▸ **Data below**
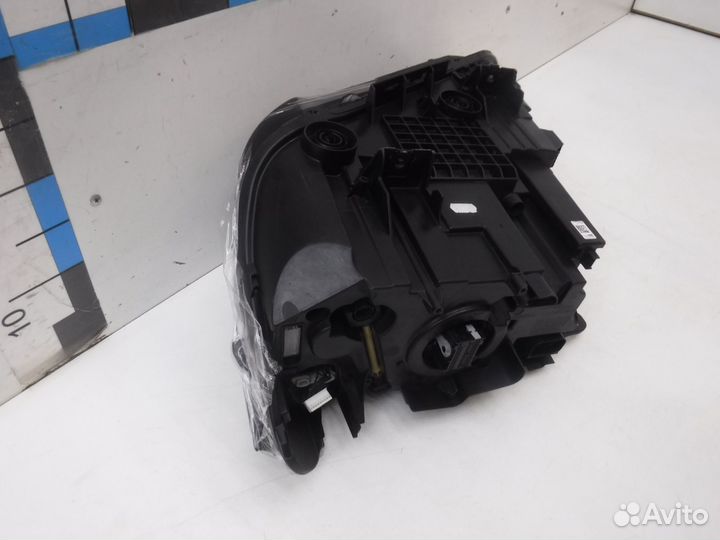 Фара правая на BMW X1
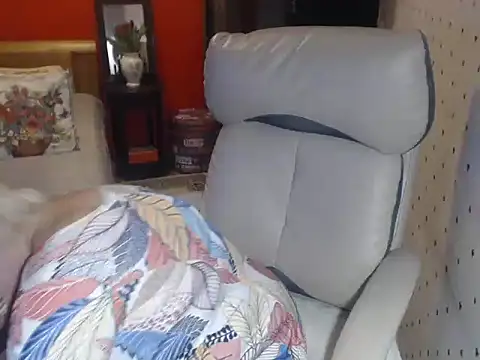 sexymaturestyle online show from February 12, 2025, 9:01 pm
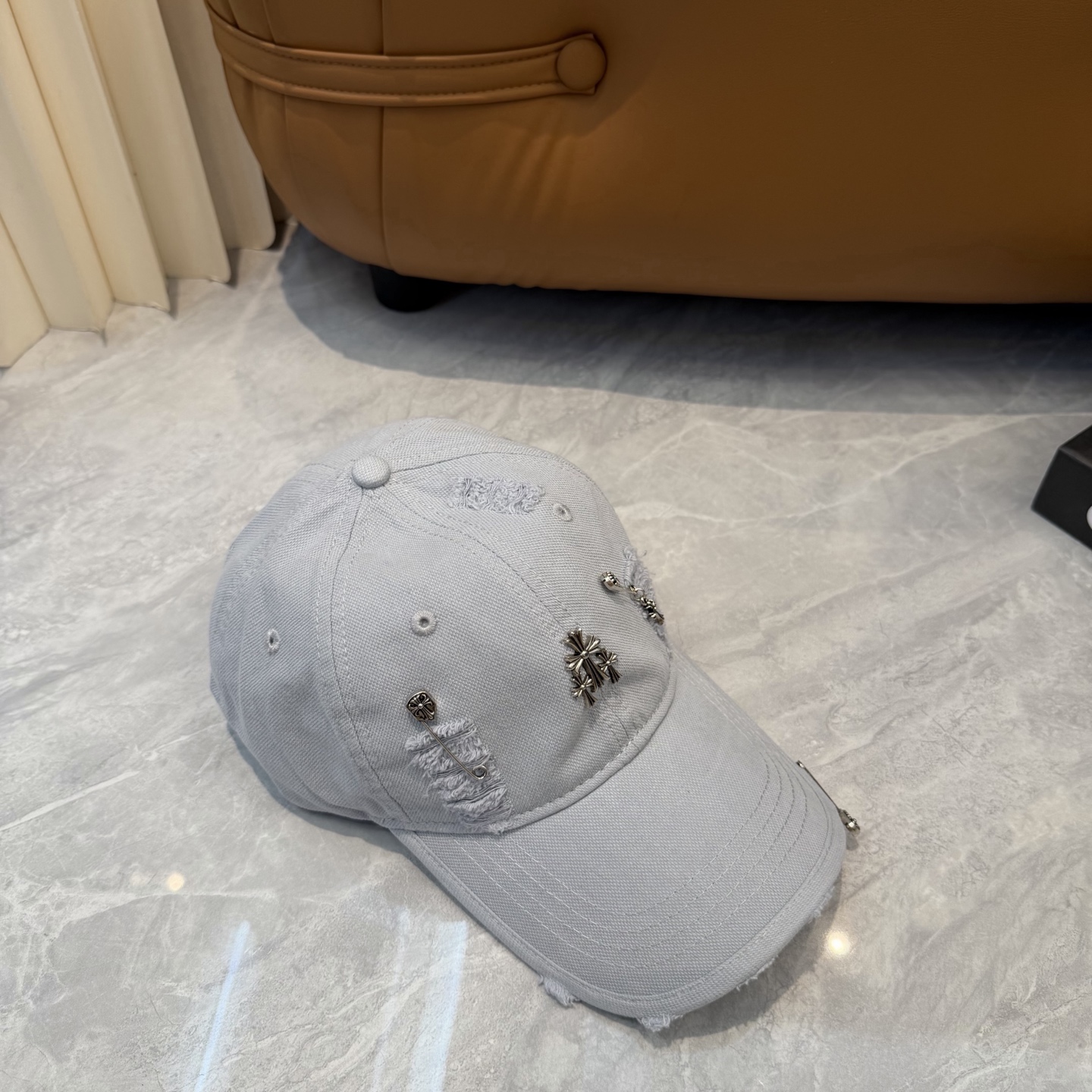 克罗心 🆕🆕新款棒球帽，个性时尚经典十字架标志，休闲带点酷酷的感觉，中性款男女同款！超好搭！头围:56-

▸ **What to do**
With pictures excluded, the material is to be written out exactly as given.

▸ **Response area**
 Фара правая на BMW X1
 sexymaturestyle online show from February 12, 2025, 9:01 pm
 克罗心 🆕🆕新款棒球帽，个性时尚经典十字架标志，休闲带点酷酷的感觉，中性款男女同款！超好搭！头围:56-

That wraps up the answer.